另一個關鍵差異是 server tools vs client tools。Augment Code 的拆解很實用：web_search、code_execution、web_fetch、tool_search 跑在 Anthropic 雲端，你不用部署；bash、text_editor 跟你自定義工具則跑在你的 process 裡，由 SDK 自動處理 tool result 回傳。

最小可運作的 Agent SDK 呼叫（Python 範例）：

Python

from claude_agent_sdk import query, ClaudeAgentOptions

options = ClaudeAgentOptions(
    system_prompt="You are a senior backend engineer. Read the PRD, implement, test, commit.",
    allowed_tools=["Read", "Write", "Edit", "Bash", "Grep", "Glob", "Agent"],
    permission_mode="acceptEdits",  # 'ask' / 'acceptEdits' / 'bypassPermissions'
    cwd="/workspace/my-project",
)

async for message in query(
    prompt="Implement the user-export endpoint per docs/prd-user-export.md, "
           "then run pytest and commit when green.",
    options=options,
):
    print(message)

三十行不到，你就有了一個會自己讀檔、自己改檔、自己跑 bash、自己 spawn subagent 的 Agent。但這只是 Agent，還不是 harness。
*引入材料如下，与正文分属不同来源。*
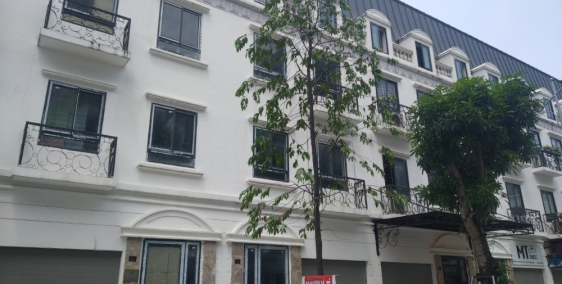 Tôi bán gấp nhà liền kề La Casta 2 mặt đường gần công viên 79m2 chỉ 8.338 tỷ.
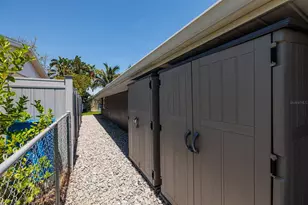 263 87th Ave N, Saint Petersburg, FL 33702 - Photo 22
下一節談 harness 是什麼。

Agent harness 四大組件架構 Agent Loop Tool Context Verification

Agent harness 必備的四個組件：Loop、Tool、Context、Verification

「Harness」這個詞在 Anthropic 內部用得很頻繁。直譯是「韁繩」「挽具」——把一匹會自己跑的馬綁進可控的工作迴圈。Agent harness Agent harness 指的是把 Agent 包進生產級工作流的那層工程。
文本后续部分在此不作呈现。